Thanks in advance for any suggestions not of the form "RTFM and learn how to use sed and regular expressions". =) I do this so infrequently that it's enough that know that it can be done and can actually do some of the simpler stuff from examples I already have.
Is "xxx" necessarily in the beginning of a line?
If yes, you need this regex:
/^xxx.*$
If not, this one:
/xxx.*$
Things you want to understand in these regexes, one symbol per line
^
. (or \., it depends on the tool or way you write the regex, it may need to be escaped)
* (or \*, it depends on the tool or way you write the regex, it may need to be escaped)
$
After you can find what you need, you use some "()" or "\(\)" to remember the parts you need and put it in the replacement expression with something like:
s/^\(xxx\).*$/\1 1 2 3/ge
I have made a test file:
Code:
qweqewqeqw xxx lkjlklkj
xxx oiuoiuoiu
xxx
lasjkd as lkadsj k jalsd ja
aslkd a lkadsj dlaj dlask jda
a xxx
xxx
Note the fourth line has a space in the end!

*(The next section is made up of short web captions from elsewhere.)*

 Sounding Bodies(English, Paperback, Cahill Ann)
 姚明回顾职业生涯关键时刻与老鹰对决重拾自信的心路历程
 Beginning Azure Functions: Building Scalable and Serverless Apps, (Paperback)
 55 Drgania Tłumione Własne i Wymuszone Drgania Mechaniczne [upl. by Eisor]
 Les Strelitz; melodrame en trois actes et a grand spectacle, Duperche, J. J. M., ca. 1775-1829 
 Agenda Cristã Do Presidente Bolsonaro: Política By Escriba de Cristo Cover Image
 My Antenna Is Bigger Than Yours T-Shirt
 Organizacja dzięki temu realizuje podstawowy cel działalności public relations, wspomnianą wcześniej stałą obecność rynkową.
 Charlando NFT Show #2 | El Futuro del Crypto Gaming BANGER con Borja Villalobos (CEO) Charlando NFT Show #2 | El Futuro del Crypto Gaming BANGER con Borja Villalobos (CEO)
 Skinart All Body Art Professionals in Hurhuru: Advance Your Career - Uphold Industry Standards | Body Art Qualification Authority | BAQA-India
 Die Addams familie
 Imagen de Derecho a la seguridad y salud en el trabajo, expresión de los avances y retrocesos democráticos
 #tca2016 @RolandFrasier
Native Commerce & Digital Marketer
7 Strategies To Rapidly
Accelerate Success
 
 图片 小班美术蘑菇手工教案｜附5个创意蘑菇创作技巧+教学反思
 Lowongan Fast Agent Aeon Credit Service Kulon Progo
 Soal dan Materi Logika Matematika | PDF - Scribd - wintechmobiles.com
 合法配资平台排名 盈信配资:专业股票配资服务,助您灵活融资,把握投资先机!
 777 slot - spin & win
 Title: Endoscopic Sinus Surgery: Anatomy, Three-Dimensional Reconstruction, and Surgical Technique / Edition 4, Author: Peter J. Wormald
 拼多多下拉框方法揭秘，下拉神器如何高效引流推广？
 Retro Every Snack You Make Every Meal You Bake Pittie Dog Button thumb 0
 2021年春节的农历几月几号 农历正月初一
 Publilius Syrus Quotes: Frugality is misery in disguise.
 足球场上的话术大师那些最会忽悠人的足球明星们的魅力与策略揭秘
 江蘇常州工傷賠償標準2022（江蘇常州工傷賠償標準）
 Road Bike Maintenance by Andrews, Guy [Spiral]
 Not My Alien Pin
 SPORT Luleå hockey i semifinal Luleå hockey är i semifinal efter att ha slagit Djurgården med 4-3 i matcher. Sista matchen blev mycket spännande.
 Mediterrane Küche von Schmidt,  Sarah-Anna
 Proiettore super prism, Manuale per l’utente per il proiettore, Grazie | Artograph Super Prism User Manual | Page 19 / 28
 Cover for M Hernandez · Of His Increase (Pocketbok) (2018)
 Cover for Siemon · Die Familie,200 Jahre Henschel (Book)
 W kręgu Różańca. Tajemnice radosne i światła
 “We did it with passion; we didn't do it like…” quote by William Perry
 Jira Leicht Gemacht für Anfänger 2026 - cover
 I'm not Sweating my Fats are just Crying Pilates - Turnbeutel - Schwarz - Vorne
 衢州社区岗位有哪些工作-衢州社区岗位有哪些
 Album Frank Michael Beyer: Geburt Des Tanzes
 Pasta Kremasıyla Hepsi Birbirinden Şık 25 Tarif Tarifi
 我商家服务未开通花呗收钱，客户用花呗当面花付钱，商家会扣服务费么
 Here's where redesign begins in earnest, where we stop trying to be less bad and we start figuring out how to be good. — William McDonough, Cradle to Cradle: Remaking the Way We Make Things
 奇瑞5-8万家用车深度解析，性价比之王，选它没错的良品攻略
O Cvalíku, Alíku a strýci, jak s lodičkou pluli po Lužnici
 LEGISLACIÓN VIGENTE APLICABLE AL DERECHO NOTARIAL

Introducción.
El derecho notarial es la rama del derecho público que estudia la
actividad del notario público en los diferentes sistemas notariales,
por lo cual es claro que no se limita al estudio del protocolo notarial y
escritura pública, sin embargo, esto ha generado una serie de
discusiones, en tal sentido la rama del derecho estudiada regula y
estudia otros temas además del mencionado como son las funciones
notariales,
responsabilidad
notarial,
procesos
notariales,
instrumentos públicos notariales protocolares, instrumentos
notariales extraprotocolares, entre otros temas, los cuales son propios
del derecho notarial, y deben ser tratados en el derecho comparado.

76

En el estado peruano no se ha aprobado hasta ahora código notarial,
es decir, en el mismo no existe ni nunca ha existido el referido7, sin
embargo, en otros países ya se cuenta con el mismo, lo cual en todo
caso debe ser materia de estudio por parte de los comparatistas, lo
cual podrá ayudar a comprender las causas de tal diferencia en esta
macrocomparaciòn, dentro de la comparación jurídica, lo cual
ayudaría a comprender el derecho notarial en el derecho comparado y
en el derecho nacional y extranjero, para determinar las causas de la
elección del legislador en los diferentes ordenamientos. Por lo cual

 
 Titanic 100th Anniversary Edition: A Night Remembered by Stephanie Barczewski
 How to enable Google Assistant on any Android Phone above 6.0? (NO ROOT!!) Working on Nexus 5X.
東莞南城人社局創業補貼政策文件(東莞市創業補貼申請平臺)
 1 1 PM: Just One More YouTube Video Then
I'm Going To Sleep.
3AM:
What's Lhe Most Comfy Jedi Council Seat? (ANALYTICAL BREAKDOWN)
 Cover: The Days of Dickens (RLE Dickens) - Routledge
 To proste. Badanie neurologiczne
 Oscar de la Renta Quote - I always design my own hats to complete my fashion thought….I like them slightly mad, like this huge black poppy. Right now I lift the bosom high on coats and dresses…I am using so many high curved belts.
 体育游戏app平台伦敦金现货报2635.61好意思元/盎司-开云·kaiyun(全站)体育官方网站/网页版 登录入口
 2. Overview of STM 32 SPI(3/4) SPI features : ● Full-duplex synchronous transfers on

And the replacement command with sed, as I could imagine you want. See these lines of my terminal, showing the commands I used (lines starting with "$") and their output (other lines).
Code:
$ cat xxx
qweqewqeqw xxx lkjlklkj
xxx oiuoiuoiu
xxx
lasjkd as lkadsj k jalsd ja
aslkd a lkadsj dlaj dlask jda
a xxx
xxx
$sed 's/^\(xxx\).*$/\1 1 2 3/g' xxx
qweqewqeqw xxx lkjlklkj
xxx 1 2 3
xxx 1 2 3
lasjkd as lkadsj k jalsd ja
aslkd a lkadsj dlaj dlask jda
a xxx
xxx 1 2 3
$
Thanks! I'll see what I can do with this and get back to you. Yes, the string is at the beginning of the line. Well, it might follow a tab or some blanks, but that's a mere detail.
What is the backslash 1? I think I can figure out the rest.
OK, I'm marking it as solved. Your example worked perfectly. I created a simple shell script as below, and it changed the files exactly as needed. Thanks again!
Code:
#!/bin/sh
for file in abc/*.def
do
sed -i 's/\(something\).*$/\1 \/etc\/somewhere\/someval/g' $file
done
But there is something missed here: the spaces you may have before the "xxx" must be written! "^" Is the imaginary place before the first thing in the line (include spaces!). To have optional spaces at the start of lines, use something like this:
Code:
$ sed 's/^\s*\(xxx\).*$/\1 1 2 3/g' filename
\s is any kind of space: spaces, tabs, newlines, ...
\1 means to write "the first thing we asked to remember". In this command, we have put the "xxx" among the special parenthesis, so that is what we are asking to repear. Put another \1 after the 2 and you will see it clearly.
Read a fairly small (but not too much) regex tutorial. It should give you many more ideas. And do not forget to learn about the special parts I have pointed in my first post.
Hi. As it turned out, there wasn't anything in front of the string I needed to change. As far as I can tell from spot checking the script I made changed over 1600 files to the correct value, including some that had already been manually set. After the spot check, I made those the active files, and everything seems to be OK.